Uma célula, uma peça e um ser
humano. Seriam esses três elementos passíveis de comparação?
Estaria o humano para o corpo social, assim como a célula está para
o organismo e a peça para a engrenagem? A resposta da filosofia
funcionalista defendida por Durkheim é de que sim, mas acredito que
a resposta genuína de cada mente pensante e de cada coração
pulsante não seja assim tão reducionista.
As ideias positivistas
impulsionaram a humanidade para uma categorização simplista daquilo
que o ser humano é. Ou seja, se só se é diante do desempenho da
função social, quem seriam aqueles que não cumprem tal tarefa, ou
que dedicam suas vidas a funções sociais não legitimadas pela
comunidade em que vivem? De certo o sentimento de identidade dessas
pessoas é afetado pela ideia funcionalista, que as reduziria àquilo
que não tem relevância ao todo, e que, portanto, deveria ser
refuncionalizado para pertencer ao grande organismo social.

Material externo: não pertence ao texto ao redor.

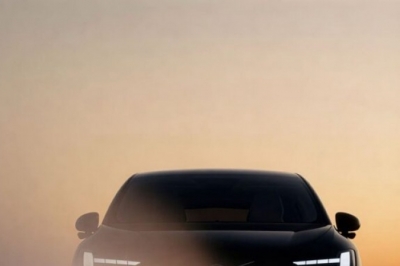 thumbnail - 테슬라 독주 드디어 끝났다… 10분 충전에 644km 달리는 ‘이 SUV’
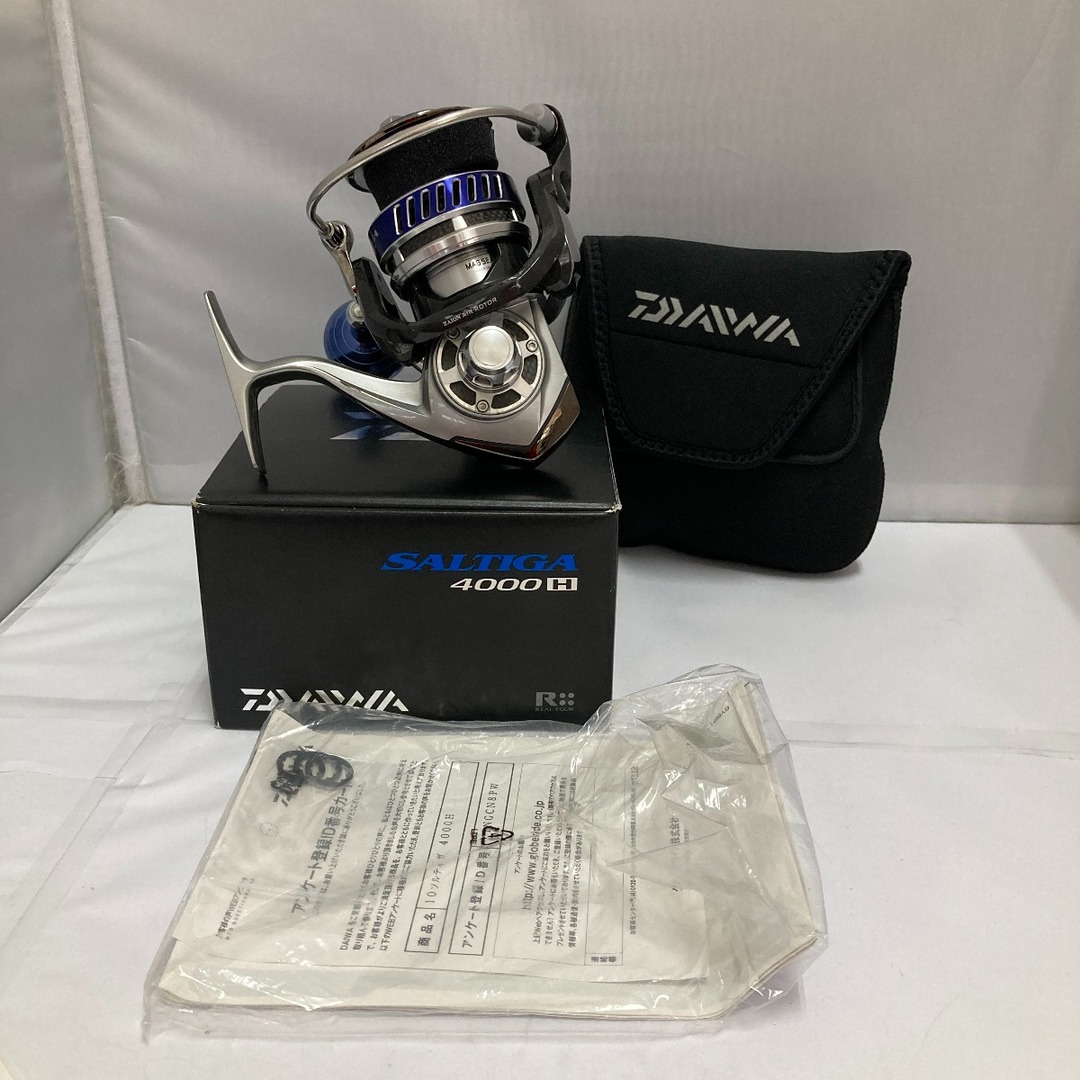 DAIWA(ダイワ)の□□DAIWA ダイワ 10ソルティガ 4000H 00059523 スポーツ/アウトドアのフィッシング(リール)の商品写真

Como uma peça quebrada ou uma célula doente, o indivíduo que não
cumpre satisfatoriamente o desempenho de seu papel social obstaculiza
o funcionamento equilibrado do meio em que está inserido. A grande
questão é se realmente existe tal equilíbrio, quando se trata das
relações humanas. A visão positivista da sociedade pressupõe o
alcance de uma harmonia em um contexto em que o conflito é
constante, por se tratar da vivência em conjunto de pessoas que
carregam singularidades infinitas.
Volto então à questão de que o
indivíduo não necessariamente se sente uma peça de uma engrenagem
ou a célula de um organismo. Mesmo aquele que dedica sua vida ao
cumprimento de suas funções sociais, e não pretende de forma
alguma subverter a isso, pois nisso reside sua satisfação pessoal,
ainda assim esse indivíduo não poderia ser reduzido a isso. E é
justamente esse fenômeno que, oriundo de uma interpretação
cartesiana do positivismo, colabora para uma visão míope do ser
humano acerca de si mesmo e do outro. Por muitas vezes não conseguir
se ver além do que representa ou deixa de representar à sociedade,
o indivíduo também reduz o outro a tais categorizações. Neste
processo, abandonam-se os caráteres de subjetividade humana, tais
como a afetividade, a empatia e a capacidade de reconhecer valores
humanos que transcendem as funções práticas.
As consequências do
enraizamento de tal ideologia na consciência coletiva se expressam
em um crescente medo do homem de estabelecer relações interpessoais
sólidas e genuínas, já que o aspecto da funcionalidade está
presente de maneira tão forte que é aterrorizante a ideia de se
mostrar ao outro além daquilo que se vê no desempenho de sua função
social. Além disso, existe uma insegurança própria de cada
indivíduo em relação àquilo que se é no que transcende ao
funcionalismo, ou seja, no que o torna de fato humano. Inseguro de si
e com medo do estabelecimento de uma proximidade que ameace mostrar
sua real personalidade, o sujeito tem cada vez mais facilidade em se
desvencilhar de pessoas que se apresentem “inúteis” ou
“desfuncionais” às suas vidas. Nisso reside a sociedade que
Zigmund Bauman chamaria de líquida,
ou seja, aquela incapaz de consolidar relações verdadeiras e
duradouras.
Assim, a
filosofia positiva, apesar de ter importância para o desenvolvimento
das ciências, mostra-se muito nociva ao caráter humanitário da
sociedade, e por isso sua potencialização caminha em contramão com
a real harmonia das relações humanas.